Let $X$ be a random variable with $\mathbb{E}|X|<\infty$ and $\mathbb{F}$ a filtration. Put $M_n = \mathbb{E}[X|\mathcal{F}_n], n \in \mathbb{N}_0$. By the tower property of conditional expectation we obtain \begin{align} \mathbb{E}[M_{n+1}|\mathcal{F}_n] = \mathbb{E}[\mathbb{E}[X|\mathcal{F}_{n+1}]|\mathcal{F}_n]=\mathbb{E}[X|\mathcal{F}_n]=M_n. \end{align} The process $M$ is thus a martingale.

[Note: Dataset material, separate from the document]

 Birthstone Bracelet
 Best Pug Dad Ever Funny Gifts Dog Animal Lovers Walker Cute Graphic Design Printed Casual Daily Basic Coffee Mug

Assume further that $X \in \mathcal{L}^2(\Omega,\mathcal{F},\mathbb{P})$. We can interpret $M_n$ as the best prediction of $X$ given the information $\mathcal{F}_n$. Showing that the $v_n:=\mathbb{E}(M_n - X)^2$ are decreasing supports our intuitive understanding that with more information one should be able to predict better.
In doing so, I face some difficulties. \begin{align} v_n :=& \mathbb{E}(M_n-X)^2\\ =& \mathbb{E}M_n^2 - 2 \mathbb{E}M_nX + \mathbb{E}X^2 \qquad (*) \end{align} How to show that $(*) \geq v_{n+1}$?